Julie Weikel grew up in ‘ION’ country, the area where Idaho, Oregon and Nevada’s borders meet. She worked for over four decades in the area as a large animal vet, building an intimate, deep knowledge of the Owyhee’s people, history, land, water and wildlife. She’s traveled extensively throughout the Owyhee Canyonlands and explored many of it’s most remote places by horseback, truck and foot – adventures which continue to deepen and grow her tremendous knowledge of and love for this special part of Oregon.
The Owyhee began calling me from an early age. Growing up in the northern Nevada town of Winnemucca, a part of my heritage was an oft told tale about the bank robbery of Sept 1900 in which The Sundance Kid, with a couple of pals, made off with $32,640, not an insignificant sum in those days. But, for me, the intriguing part was how the posse pursuing them turned back when their trail left the Humboldt River and turned north into the Owyhee. What was this place that guaranteed escape? Forty five years of intermittent forays into that vast landscape has only served to broaden that question.
“The Owyhee” as I mean the phrase is not just the Oregon part but the entire Oregon/Idaho/Nevada drainage. It’s big country, some ten million acres of forbidding lands drained by a mystical system of desert gouges. It’s country that invites horseback scale investigation. My granddad said, “A horse is not worth having if it can’t trot from sunup to sundown.” I would add, “There’s no point in having such a horse if you don’t have a place where it can do that.” The Owyhee is just such a place.
And the Owyhee tests a horse even more than a rider. Lava tears up the toughest of hooves, and it takes a lot of “bottom” to face headwind hailstones and searing heat, usually both in the same day. I’ve been blessed with knowing a couple of horses with that kind of “bottom,” and we’ve shared parts of the Owyhee. Over a couple of three day stretches I rode from just south of Juntura, Oregon along the west side of the main Owyhee River canyon to the Nevada border. It’s a distance of well over a hundred miles as the crow flies, but I’ve no idea how many miles it takes to navigate the lava chasms that obstruct the paths down on the ground.
There’s plenty to see out there, hidden from those who fly by at 80 miles per hour. There are a lot of antelope, sneaky coyotes, grandiose birds of prey, and plenty of “tweeties” flitting around in the brush. Ah, the brush, the pungent assault.
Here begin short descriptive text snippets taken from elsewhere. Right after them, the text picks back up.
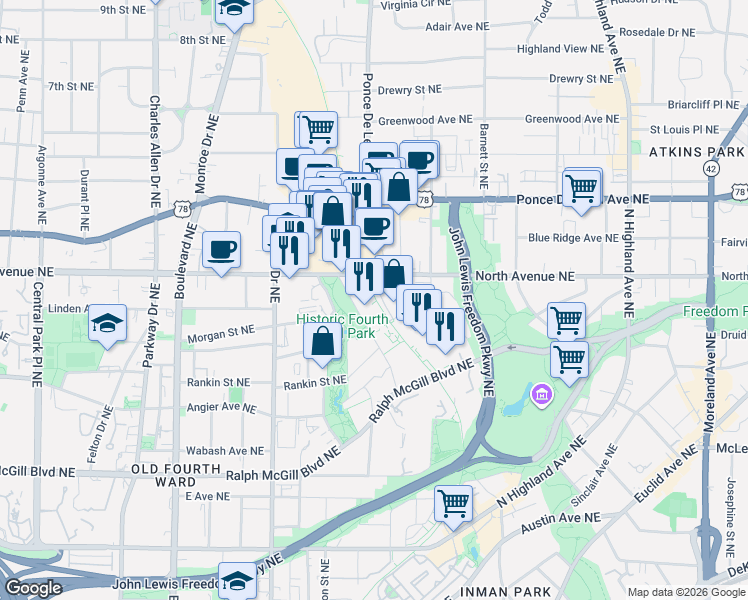 map of restaurants, bars, coffee shops, grocery stores, and more near Beltline Rail Trail in Atlanta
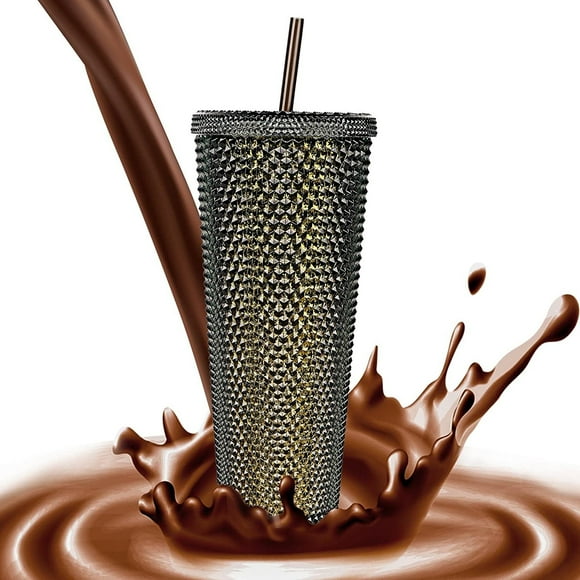 Studded Tumbler With Lid And Straw, Tumbler Cup for Iced Coffee, Smoothie, Water and More, Reusable Color Changing, Matte and Iridescent, 24 oz Drinking Tumblers, Black Iridescent Color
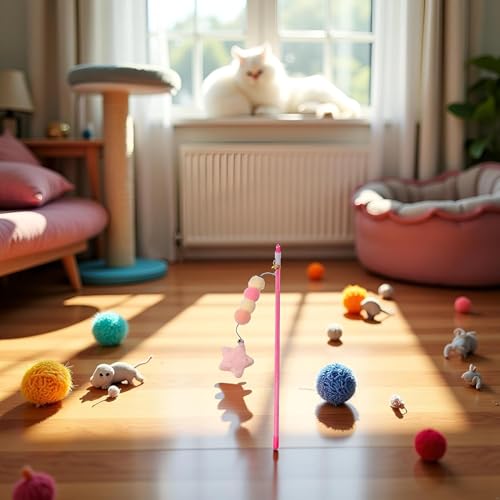 Pink Cat Stick Toy Elastic Rope Plush Ball Star Pendant Bite-Resistant Comfortable Grip Relieve Boredom Handmade Kitten Teaser Wand Cat Mice and Animals Toys
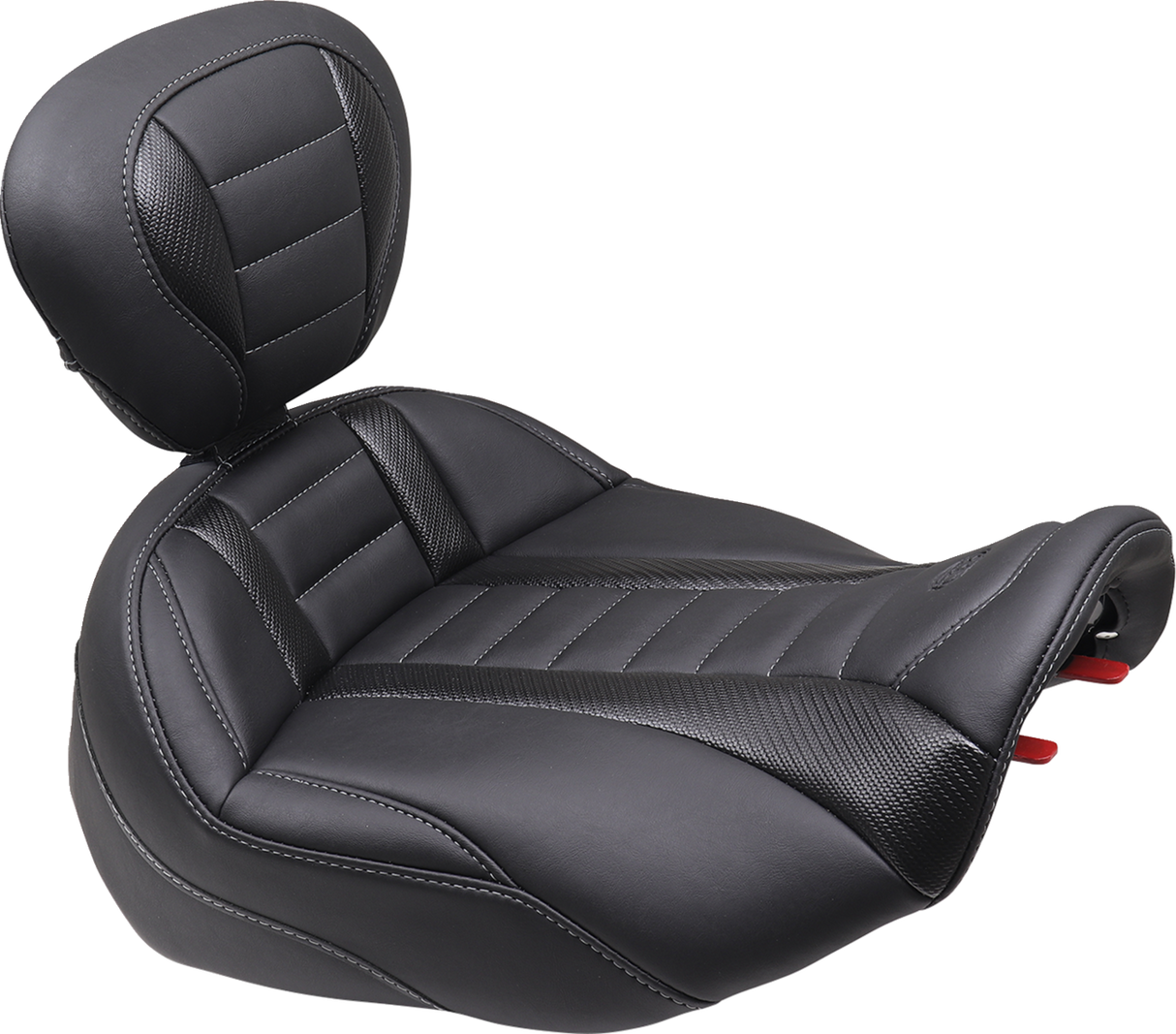 MUSTANG Deluxe Touring Solo Seat - Gun Metal Stitch - FLT/FLH '23-'24 89401GM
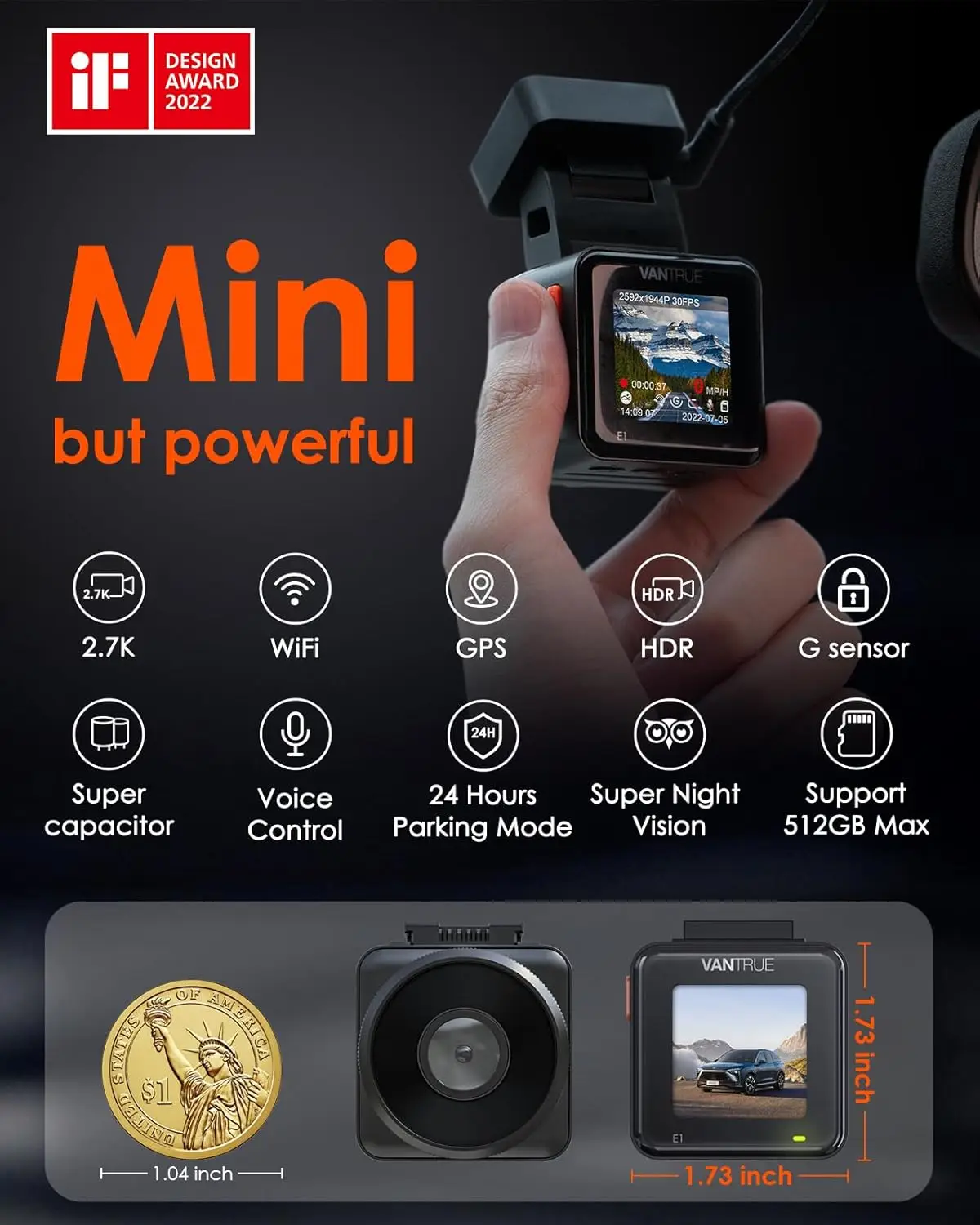 E1 2.7K WiFi Mini Dash Cam, Voice Control Front Car Dash Camera with GPS&Speed, Super Night Vision, Wireless Controller&App, 24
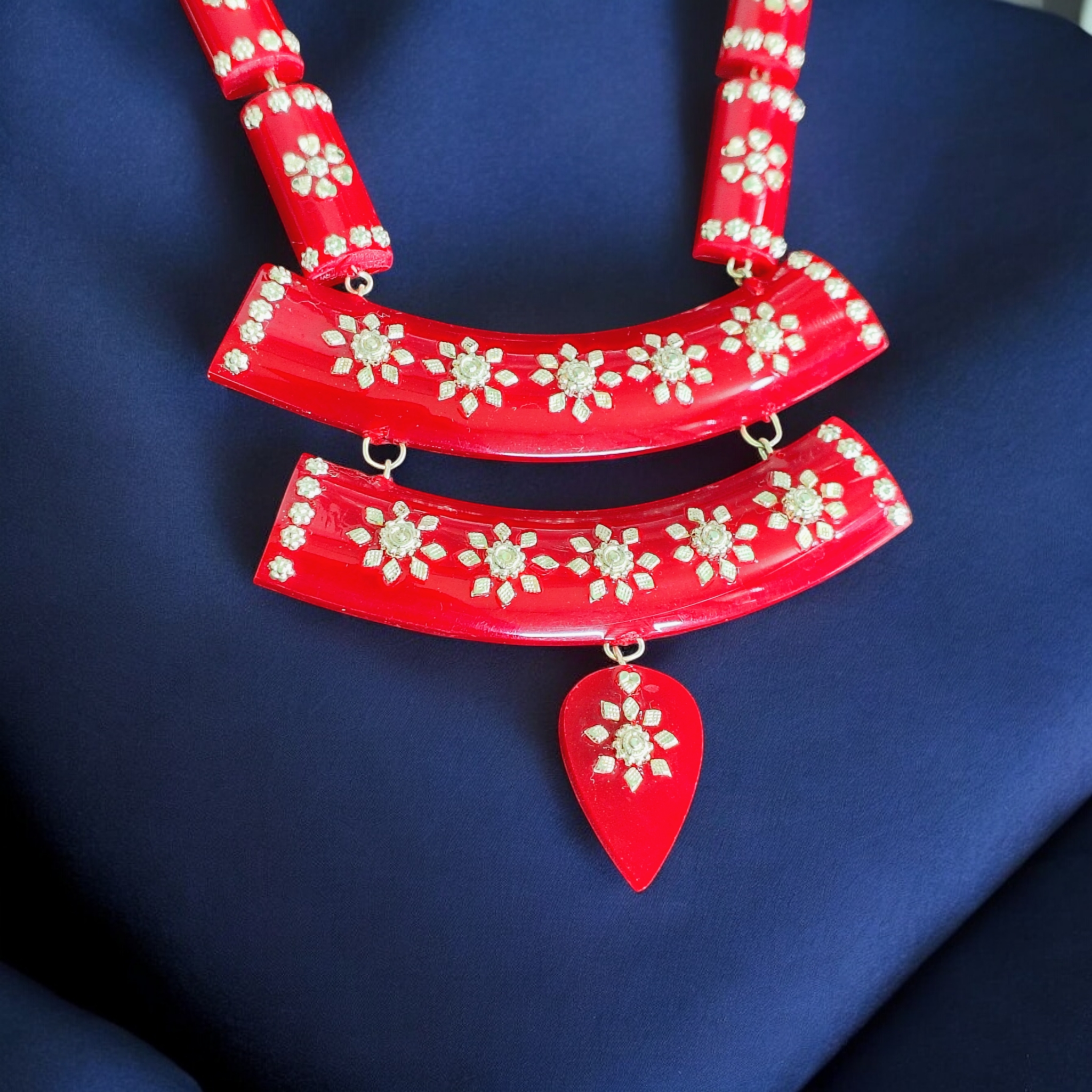 RED SILVER NECKLACE- CERTIFIED HALLMARK 925 SILVER POLA SITAHAR WITH EARRINGS APPROX WGT: 8.00 GM (1 PIECE) WITH TASSEL FOR BEAUTIFUL WOMEN (GET ANY DESIGN AS PER STOCK).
Sometimes more dust than aroma, but always discernible. There is no commercial perfume or seductive bloom that comes close to the powerful combination of horse sweat, sagebrush, and saddle leather. Feral horses sometimes provide a good horizon vista or a big cloud of dust. Occasionally, they will even approach and challenge. That’s good for an adrenaline rush and provides the opportunity to respect how competent these critters are in such a harsh environment, even if they are an invasive species.
Of course, there are lots of domestic cattle to watch. If one is so inclined, one can even choose to observe how they are using and changing the landscape, whether the rangeland standards and guidelines are being met, and speculate on the culture and values of a society that has deemed this a good use of this natural resource. There are occasional livestock carcasses, and, depending on the state of decay, one can speculate on just how the desert won that battle.
Always, when my gaze returns to the horizon, while the horse’s gait eats up the miles, my soul drinks long and deep. There are few places left for this kind of drinking, but, for now, the Owyhee is big enough.